Déjà parvenue à sa septième saison, annoncée comme la dernière, la série Harry Bosch continue à tutoyer l’excellence : la vision sociale, politique et profondément morale de Connelly se mêle une fois encore parfaitement au suspense des enquêtes policières.
Michael Connelly a de la chance : à la différence de la vaste majorité des adaptations à l’écran – films ou séries TV – des livres à succès, le Bosch d’Amazon Studios (Harry Bosch en France…) rend désormais parfaitement hommage à la qualité des livres, tout en s’en démarquant suffisamment pour que les lecteurs n’aient pas l’impression d’un travail scolaire des scénaristes (Bon, le fait que Connelly soit coproducteur exécutif de la série aide certainement !). Et ce n’est pas cette septième saison impeccable qui va changer quoi que ce soit à notre jugement très positif sur la série d’Eric Overmeyer, qui, après un démarrage assez lent, a atteint l’excellence à partir de sa quatrième saison.

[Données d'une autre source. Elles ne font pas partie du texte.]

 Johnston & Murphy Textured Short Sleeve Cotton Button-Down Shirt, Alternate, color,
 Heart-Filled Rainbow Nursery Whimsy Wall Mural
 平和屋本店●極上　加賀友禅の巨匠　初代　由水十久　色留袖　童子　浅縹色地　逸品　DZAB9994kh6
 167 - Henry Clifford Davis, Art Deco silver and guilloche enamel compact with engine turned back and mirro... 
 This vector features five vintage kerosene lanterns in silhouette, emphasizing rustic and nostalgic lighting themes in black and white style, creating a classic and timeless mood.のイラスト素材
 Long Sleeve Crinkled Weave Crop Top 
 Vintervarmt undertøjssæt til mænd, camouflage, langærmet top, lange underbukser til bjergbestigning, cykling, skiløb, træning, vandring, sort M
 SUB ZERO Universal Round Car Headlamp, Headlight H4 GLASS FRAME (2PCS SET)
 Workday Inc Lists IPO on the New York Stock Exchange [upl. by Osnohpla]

Les scénaristes répètent ici, sans que ne se traduise aucune usure, la recette du succès des volets précédents : deux enquêtes policières complexes qui s’entremêlent, et un bon nombre d’intrigues parallèles dans lesquels sont impliqués quasiment tous les personnages emblématiques de la série, pour un résultat aussi complexe que finalement haletant (on est loin de la mollesse des débuts !). Pendant que Harry enquête sur un incendie criminel ayant coûté la vie à une petite fille immigrée, puis se trouve impliqué dans une affaire de scandale financier qui tourne vraiment mal, Jerry Edgar se débat avec son sentiment de culpabilité après l’exécution de Jacques Avril, le Lieutenant Billets affronte des flics « incels », tandis que le Chief Irvin Irving doit faire des pieds et des mains pour pouvoir être élu à un second mandat. Si l’on ajoute que Maddie (une Madison Lintz de plus en plus séduisante avec les années qui passent) se trouve dans la ligne de mire d’un tueur à gage, on pourrait dire que les scénaristes en font vraiment beaucoup…

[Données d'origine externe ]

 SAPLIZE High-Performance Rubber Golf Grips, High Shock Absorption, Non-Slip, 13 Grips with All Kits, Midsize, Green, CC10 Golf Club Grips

Pourtant, grâce à la qualité de l’écriture, le téléspectateur n’est jamais perdu devant la multiplication des intrigues… même si Bosch requiert une attention de tous les instants pour être appréciée à sa juste valeur. Et, comme dans les meilleurs moments des saisons précédentes, les scènes de suspense et d’action, pour être encore moins nombreuses qu’à l’habitude (on sait que Connelly est bien plus intéressé par la description du fonctionnement des machines policière et judiciaire), sont d’une efficacité démultipliée par leur sobriété.
La vision sociale – sur le melting pot bouillonnant qu’est Los Angeles et les conflits inter-ethniques qui en résultent – et politique – sur la corruption active ou passive endémique des autorités, mais surtout sur les manipulations permanentes auxquelles il faut se livrer si l’on veut survivre « au sommet » de la pyramide – reste prépondérante, et se mêle encore plus clairement qu’à l’habitude à un dilemme moral auquel il n’existe pas de réponse parfaite : ce qui amène la saison à une conclusion, lors d’une conclusion « brise-cœur », très pessimiste.
Avec ce que suggère la dernière scène de Bosch, on comprend la rumeur qui veut que la série se poursuivrait sous la forme d’un spin-off sur les nouvelles bases établies dans le dernier épisode, mais on a très envie que les responsables de ce succès s’en tiennent à leur promesse d’en rester là, à ce niveau d’excellence finalement étonnant.